Description

We are undoubtedly living in a connected World. Out of a population of 7.5 billions, more than 50% of people have access to Internet, more than 40% are active social media users, about 70% are unique mobile users, and almost 40% are active mobile social media users. This presents a massive opportunity for engagement, education, and the use of crowd-sourced data. In the last 30 years, the number of satellites launched per year has grown from a few to more than 300. In 2016, 11 billions sensors were connected to Internet, and this figure might increase significantly by 2030, which is the date for achieving the Sustainable Development Goals (SDGs).
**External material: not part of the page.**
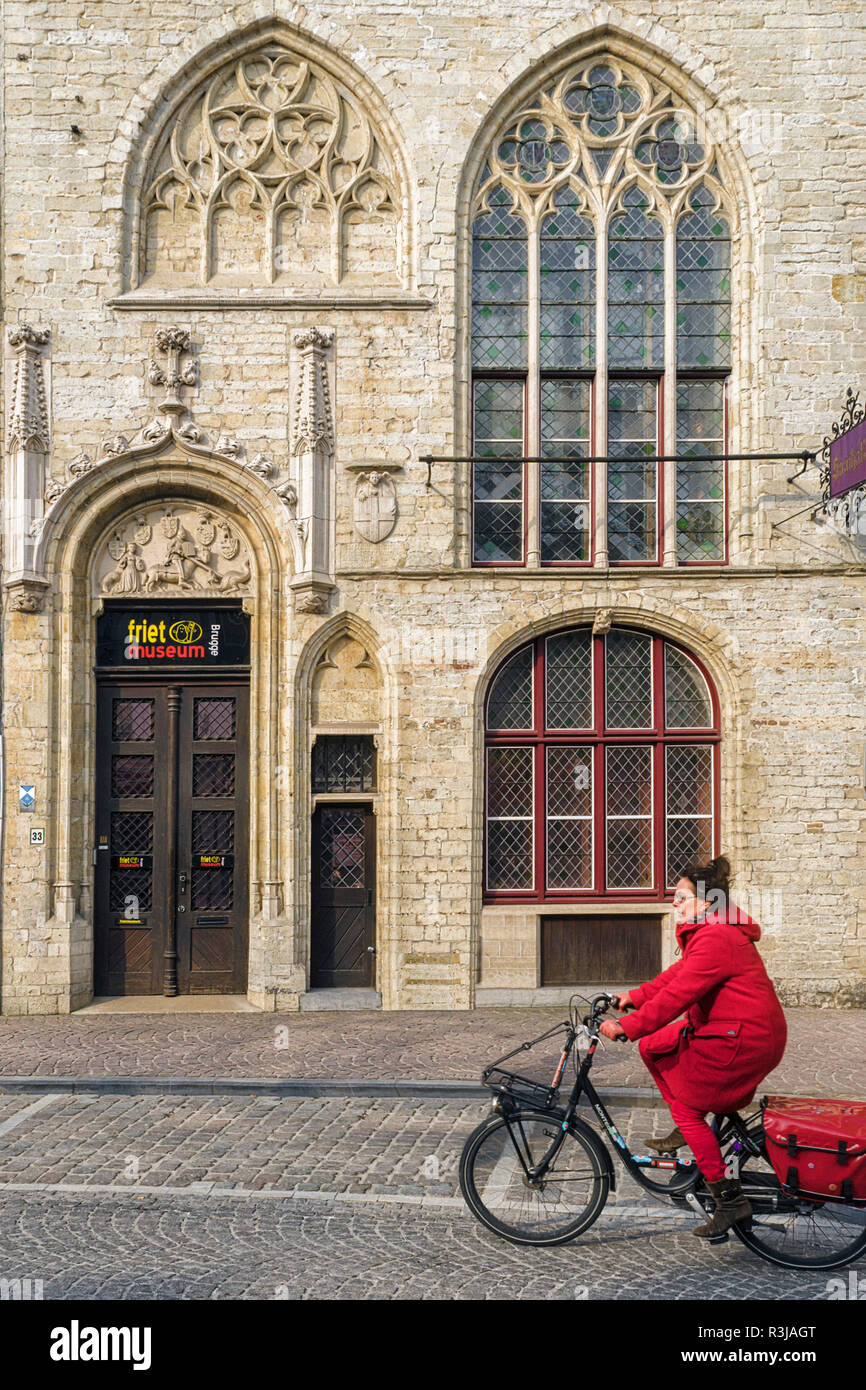 Façade du Frietmuseum, Fries museum à Bruges, Belgique Banque D'Images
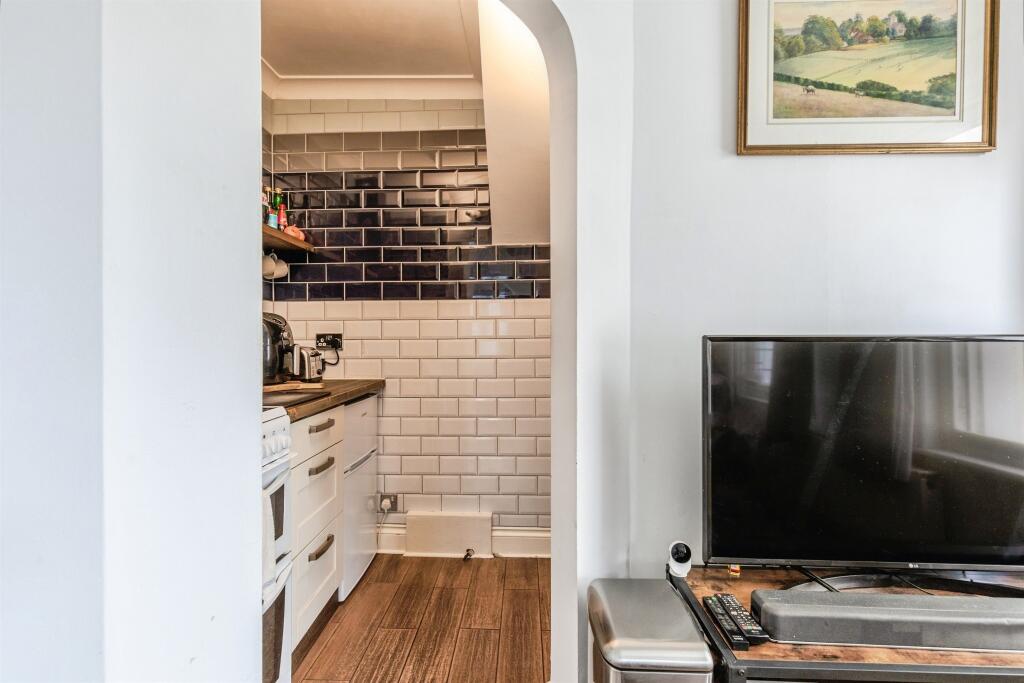 Apartment in Tonbridge - View 5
Unfortunately, this Big data comes with numerous core problems to solve, and especially in the challenging context of low- and middle-income countries. First, the data is often extensively fragmented or dispersed across multiple ministries, initiatives or databases that are not always interoperable. Second, the data is often locked down in PDF documents or in proprietary files. Third, information is often not inter-comparable, due to inconsistent data monitoring and analytical methods. Fourth, data is often duplicated, and siloed at the same time, which has significant cost implications. Fifth, the data that is generated requires in many cases complex analysis and interpretation. Finally, some of the data is contested or not trusted by certain stakeholders, with a perception of bias. The outcome of these issues is the creation of significant information asymmetries among stakeholders. In the extractives sector, for example, information asymmetries are frequently exploited by stakeholders (essentially Government and the private sector) during contract negotiations to obtain favorable contract terms. These issues are strengthened by the fact that geospatial data are not always free, that not all stakeholders have a culture of geospatial data use, and that the generated data have a high heterogeneity in terms of geographical scale.
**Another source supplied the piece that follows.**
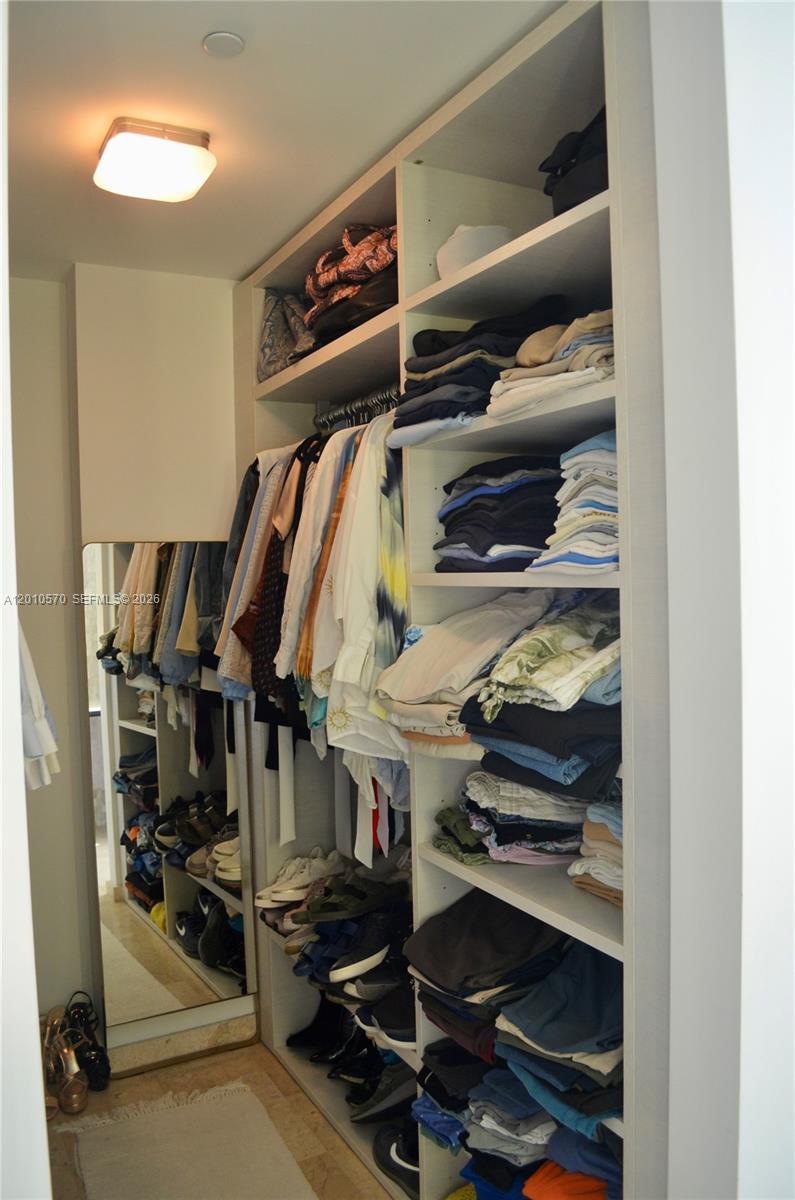 68 SE 6th St #2708 Miami, FL 33131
However, this heterogeneity also raises interesting opportunities. For example, global products can fill the gap of uncomplete or missing data in some areas, and national data can support validation of global products in national contexts. To address these challenges and benefit from these opportunities we need to transform raw data into wisdom in order to inform decisions and investments, and to empower consumers and citizens. One challenge is to keep this transformation process up-to-date.